● PROBLEM:
Quote each line of the material verbatim, without the pictures.

● INPUT DATA:
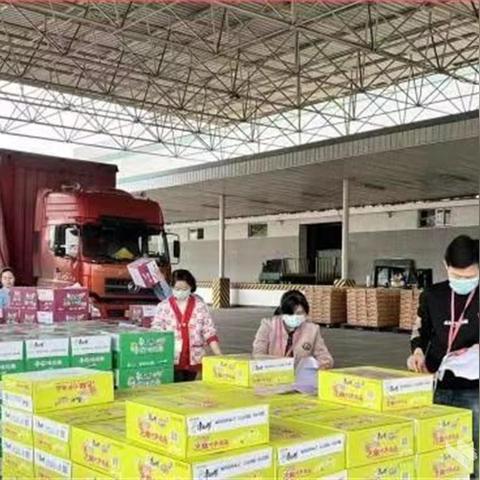 网络中国，数字经济浪潮下的创新与变革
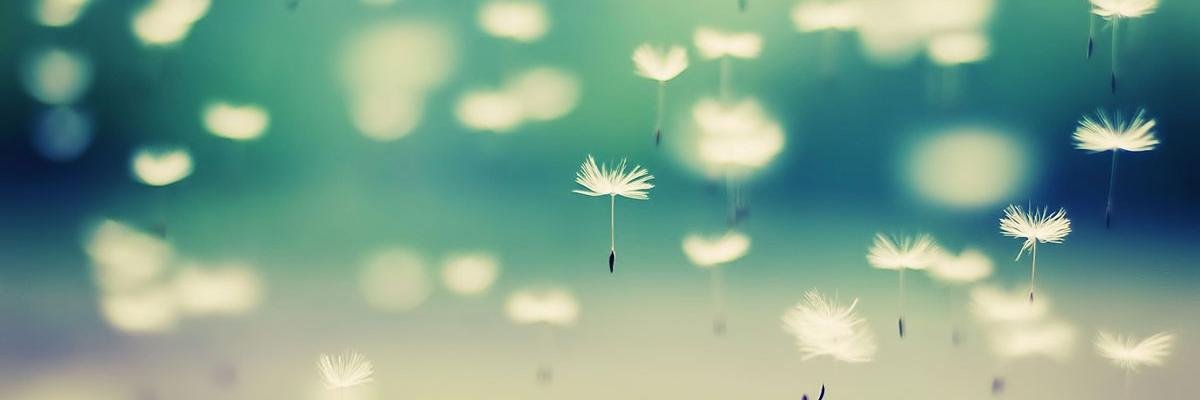 cameocollective's profile banner image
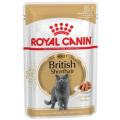 Изображение 1 - Royal Canin British Shorthair в соусе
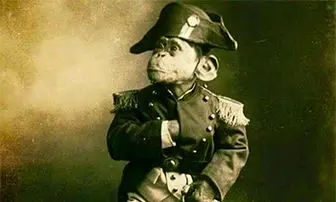 این میمون در جنگ جهانی اول سربازان را سرگرم می کرد+عکس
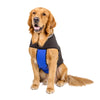 Thermal Insulation Soft Neoprene Dog Jacket
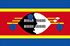 Eswatini logo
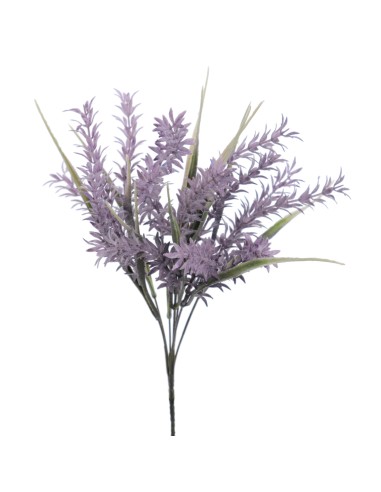 RAMO SCALA (6302-16)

● RESPONSE TO THIS TASK:
 网络中国，数字经济浪潮下的创新与变革
 cameocollective's profile banner image
 Изображение 1 - Royal Canin British Shorthair в соусе
 این میمون در جنگ جهانی اول سربازان را سرگرم می کرد+عکس
 Thermal Insulation Soft Neoprene Dog Jacket
 Eswatini logo
 RAMO SCALA (6302-16)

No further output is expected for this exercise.